WHAT THIS TASK INVOLVES =>
Below are entries. Reproduce exactly the lines between the line holding "Cap 4 página 62" and the line holding "GOLDEN BEACH SEC A - Residential", inclusive, and only those.

THE RECORDS =>
■ ■ ■ ■

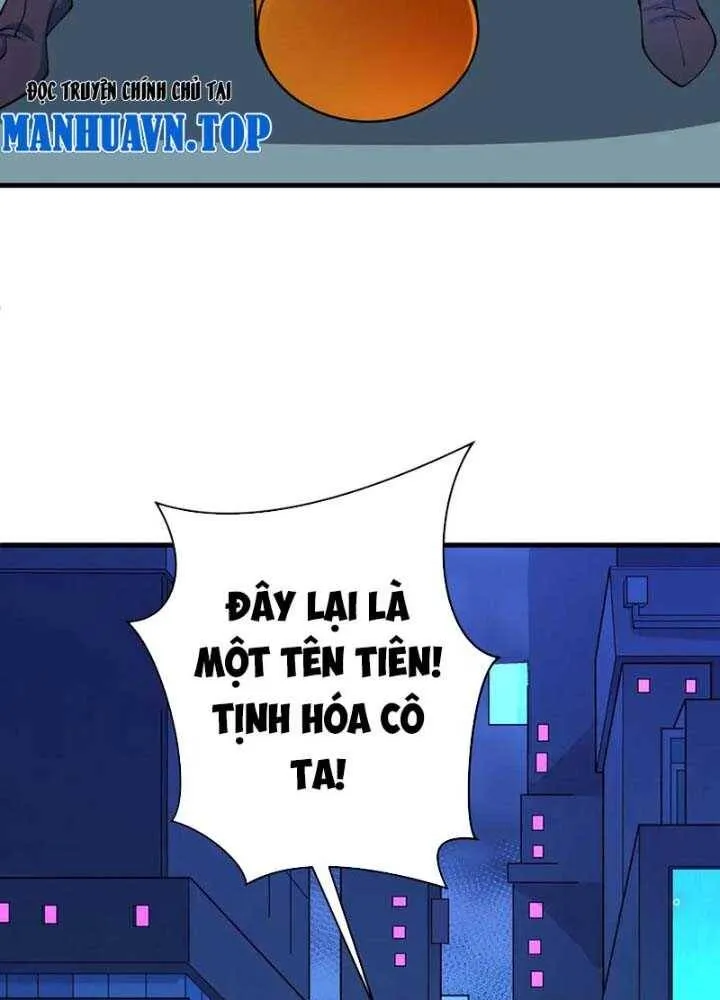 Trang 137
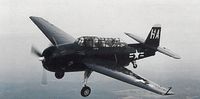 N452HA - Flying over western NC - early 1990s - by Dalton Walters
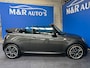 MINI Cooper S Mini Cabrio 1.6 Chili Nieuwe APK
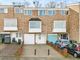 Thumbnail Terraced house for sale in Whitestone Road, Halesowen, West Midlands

■ ■ ■ ■

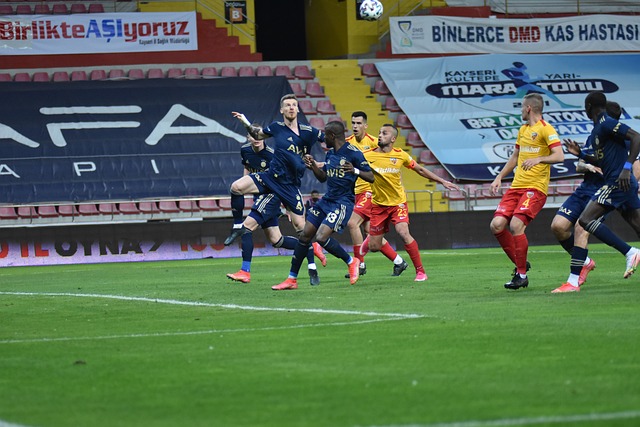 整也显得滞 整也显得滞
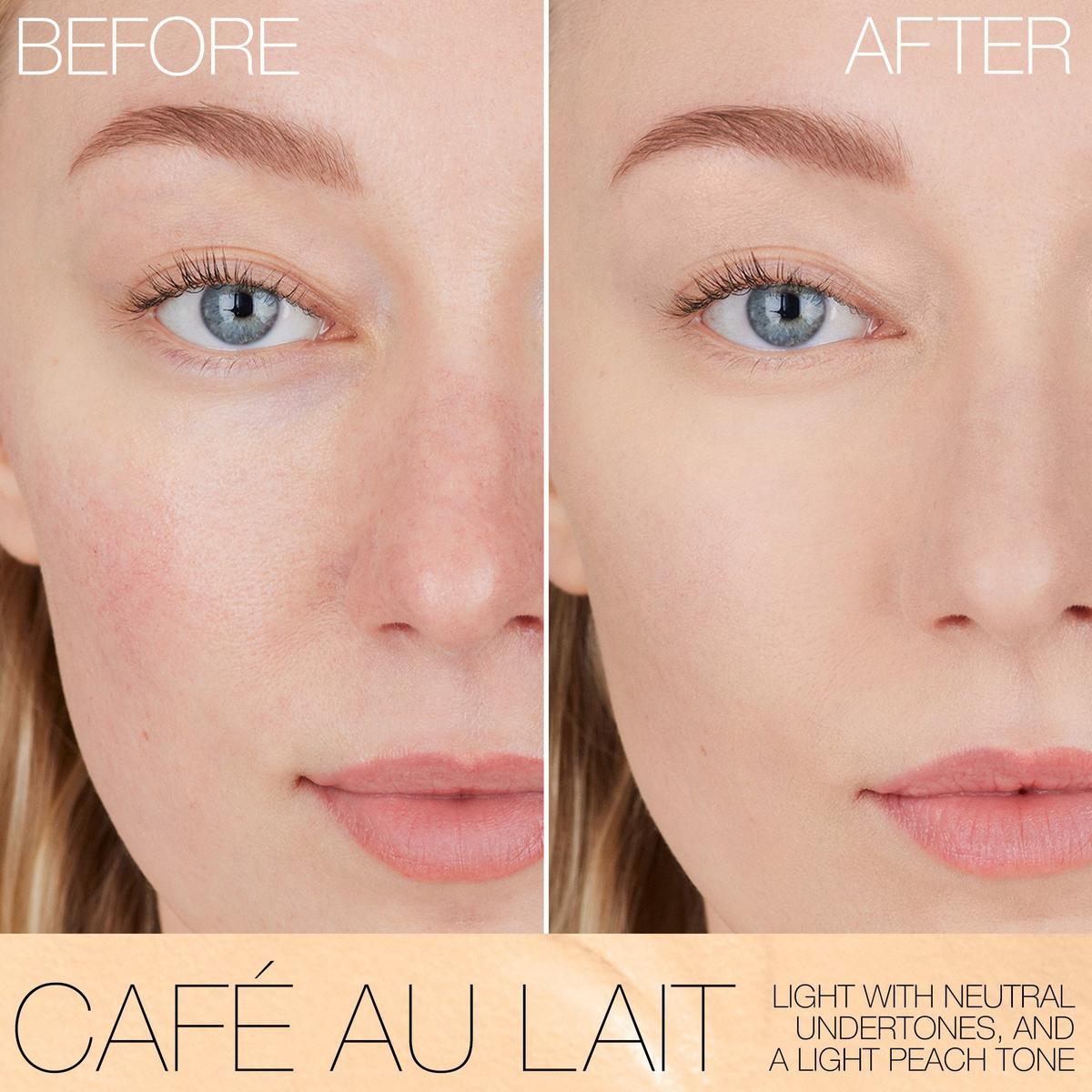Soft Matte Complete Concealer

■ ■ ■ ■

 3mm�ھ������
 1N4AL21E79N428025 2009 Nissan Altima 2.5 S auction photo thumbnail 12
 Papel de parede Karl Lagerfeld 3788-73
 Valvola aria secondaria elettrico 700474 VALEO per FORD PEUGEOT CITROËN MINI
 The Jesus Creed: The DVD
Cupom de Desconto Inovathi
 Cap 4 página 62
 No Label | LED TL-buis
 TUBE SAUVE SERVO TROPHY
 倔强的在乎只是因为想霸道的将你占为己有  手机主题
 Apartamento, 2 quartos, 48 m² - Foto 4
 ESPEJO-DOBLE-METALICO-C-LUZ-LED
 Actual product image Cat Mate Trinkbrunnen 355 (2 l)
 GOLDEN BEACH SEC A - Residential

■ ■ ■ ■

SOLUTION FOR THIS EXERCISE =>
 Cap 4 página 62
 No Label | LED TL-buis
 TUBE SAUVE SERVO TROPHY
 倔强的在乎只是因为想霸道的将你占为己有  手机主题
 Apartamento, 2 quartos, 48 m² - Foto 4
 ESPEJO-DOBLE-METALICO-C-LUZ-LED
 Actual product image Cat Mate Trinkbrunnen 355 (2 l)
 GOLDEN BEACH SEC A - Residential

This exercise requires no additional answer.